Back in the immediate post-Vietnam era, the Navy, among other services, had a problem in both attracting and holding onto good people. The "General Hershey Volunteer Incentive" (otherwise known as "get drafted and go to `Nam") was done. Lots of ships were sent to the breakers (including almost all of the WW2 builds), but the Navy still had a problem.
One was with filling slots for department heads. The officers with four to six years in service in the mid-`70s were heavily made up of men who had joined to avoid the tiresome duty of slogging through jungles with a pack and an M-16 while being shot at. A number of them had gone onto shore duty after their sea tours with an eye of taking night classes to get their masters degrees while also pulling down a paycheck. They weren't interested in going back to sea.
But the Navy still had to fill those department head jobs. So what they did was offer them to hard-charging first tour junior officers (like this guy), at least on some ships. Cruisers and destroyers were still staffed by graduates of Department Head School, but the auxiliaries and smaller amphibs were partially filled by those young JGs. On a sea-duty ship such as an LST or a replenishment ship, the Operations and Weapons officers would be JGs. The Chief Engineer and Deck Officer (on an LST) was more likely to be a limited-duty officer (LDO). (On "neutral duty" ships, such as tenders, most were LDOs).
Come the early-80s and things had begun to change. Pay had been increased, helping to make up part of what had been lost to high inflation. Morale was up. The economy was still kind of sucky, which made staying in a bit more desirable, especially to young lieutenants with families. So the Navy began filling those department head billets on amphibs and replenishment ships with department head school graduates.
A lot of the captains of the replenishment ships were ecstatic at the change. For a fair number of them were aviators who had been sent to those ships to get some experience in commanding a ship (and driving one) before they were selected to be the captain of an aircraft carrier.

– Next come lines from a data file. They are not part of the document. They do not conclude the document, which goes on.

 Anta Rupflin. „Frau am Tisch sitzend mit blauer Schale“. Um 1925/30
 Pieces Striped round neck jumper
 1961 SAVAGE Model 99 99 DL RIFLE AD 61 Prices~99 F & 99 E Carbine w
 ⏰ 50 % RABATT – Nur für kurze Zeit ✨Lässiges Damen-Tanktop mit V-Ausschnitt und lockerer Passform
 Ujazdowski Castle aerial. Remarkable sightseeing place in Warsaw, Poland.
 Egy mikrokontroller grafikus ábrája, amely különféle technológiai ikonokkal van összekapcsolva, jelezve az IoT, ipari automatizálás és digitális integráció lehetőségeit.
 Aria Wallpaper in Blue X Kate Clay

They were happy to get officers who had had more training and experience. (The XOs were even happier.) There was one AO or AE captain who had ordered that the Bridge radar repeater display be changed from a 360-degree sweep to a 90-degree sweep, because that's what he was used to seeing from his days flying a F-4, but I digress.

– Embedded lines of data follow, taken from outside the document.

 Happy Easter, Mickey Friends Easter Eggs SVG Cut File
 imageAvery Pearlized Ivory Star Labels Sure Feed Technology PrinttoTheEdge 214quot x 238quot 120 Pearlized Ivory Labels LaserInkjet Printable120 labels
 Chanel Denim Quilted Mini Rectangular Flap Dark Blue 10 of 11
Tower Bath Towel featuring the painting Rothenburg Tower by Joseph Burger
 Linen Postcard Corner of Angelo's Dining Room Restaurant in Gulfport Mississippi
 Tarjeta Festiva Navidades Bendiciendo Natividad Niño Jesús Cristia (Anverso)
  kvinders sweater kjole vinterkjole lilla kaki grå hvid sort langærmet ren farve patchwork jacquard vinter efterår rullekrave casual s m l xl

Most graduates of the Department Head School didn't want those jobs. They all knew that the Department Head School had been first named the Destroyer School and that the career enhancing jobs were on destroyers and frigates. They also suspected that the selection boards would know that someone sent to be a department head on a LST or an A-something was filling a job that had been handled by a `JG in years past; no matter how good a job somebody did on one of those ships, they'd not be viewed as favorably as someone who did even a tolerable job on a DD/FF.

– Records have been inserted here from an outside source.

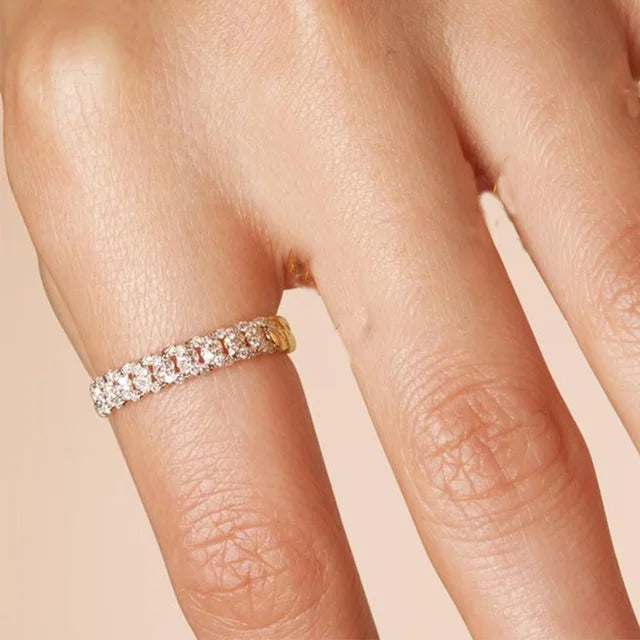 Dainty Minimalist Stacking Ring For Women Trend Cubic Zircon Gold Color Crystal Finger Accessories for Female Jewelry Gift R737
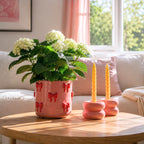 Fargerik blomsterpotte plassert i stue, rosa potte med røde sløyfer på
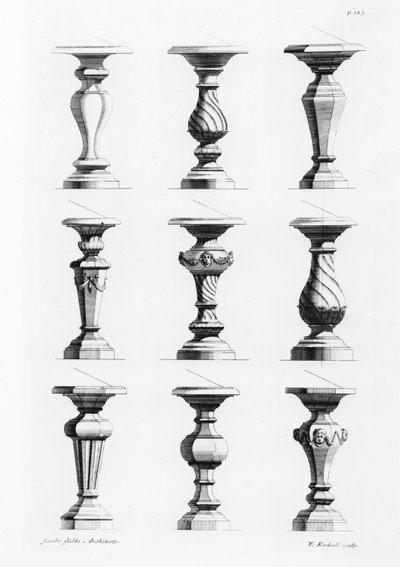 Pedestals, from A Book of Architecture, by James Gibbs, published 1739 by Elisha Kirkall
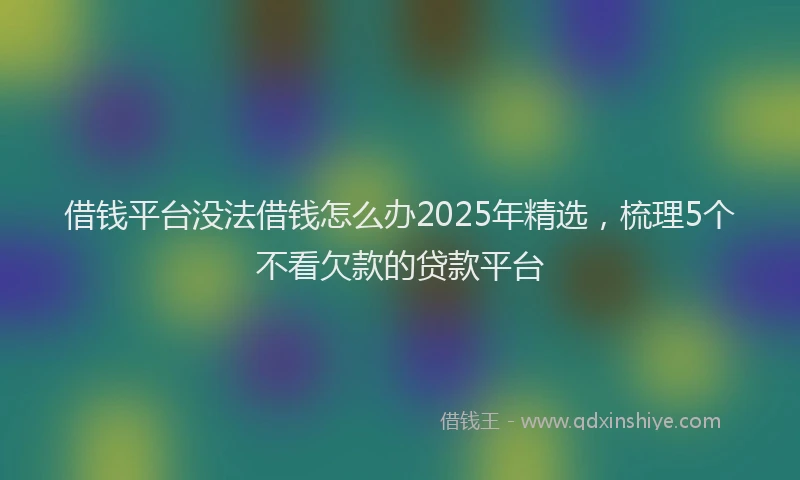 借钱平台没法借钱怎么办2025年精选，梳理5个不看欠款的贷款平台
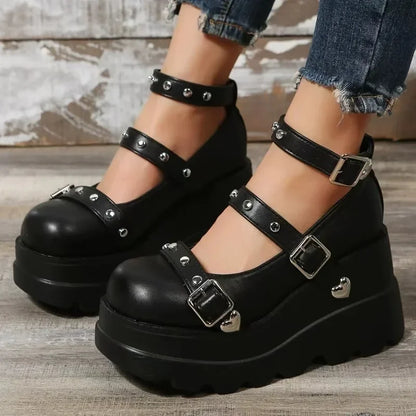 Sapato Feminino Mary Jane Salto Super Alto Plataforma Anabela Sandália Feminina Primavera Fivela Clássica Doce Punk Sapatos Femininos Lolita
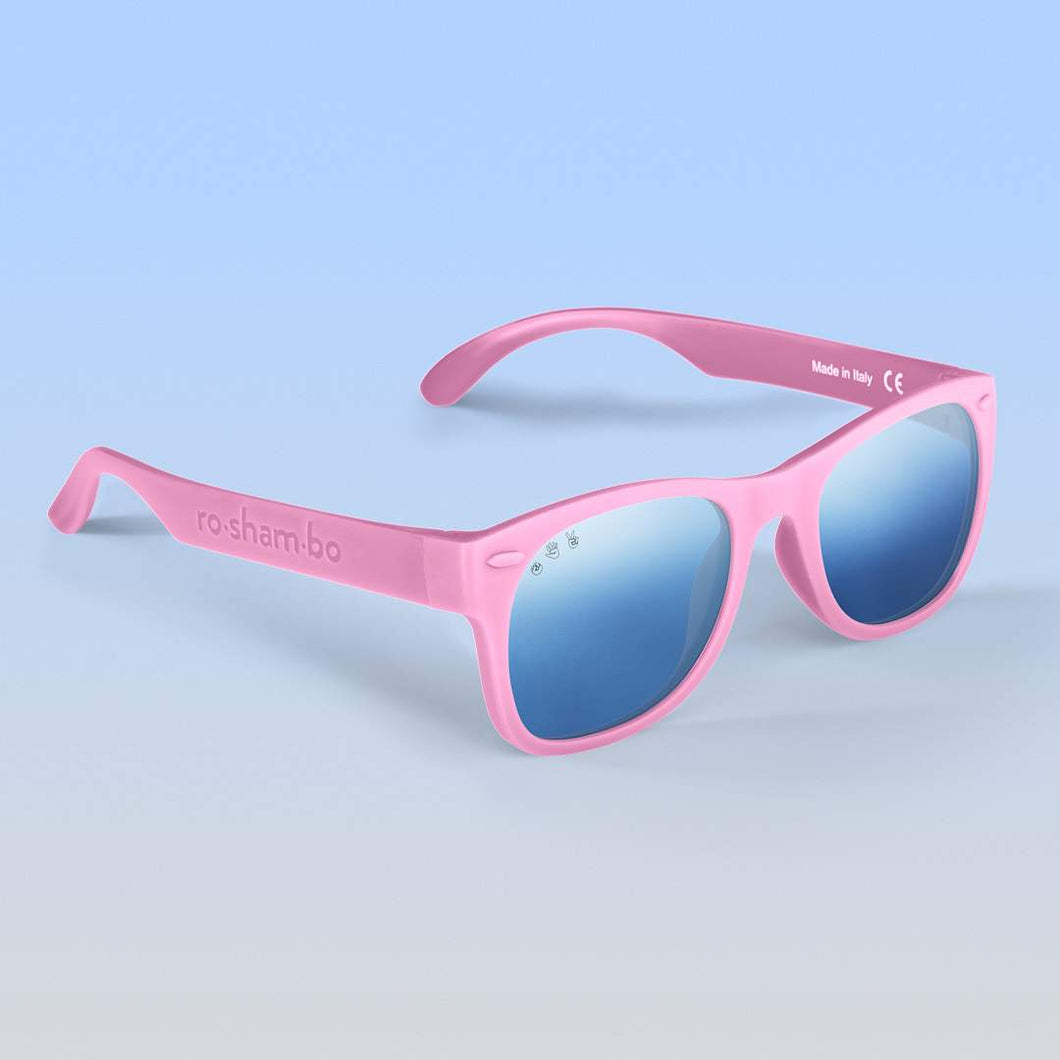 ro•sham•bo eyewear Bayside S/M / Polarized Mirrored (Chrome) Lens / Light Pink Frame Popple Shades | Adult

But there were guys who wanted those jobs, nonetheless. The other folks, the ones who wanted jobs on DDs and FFs, thought that the folks who bid on the jobs on LSTs and A-somethings were idiots and that while it was one thing to be ordered to do a shit job, it was quite another to volunteer for one.
How it all shook out, I don't know. But in a few minutes of Googling, I didn't find any senior officer biographies that bragged about being a post-DH school department head on those ships (other than Chief Engineer).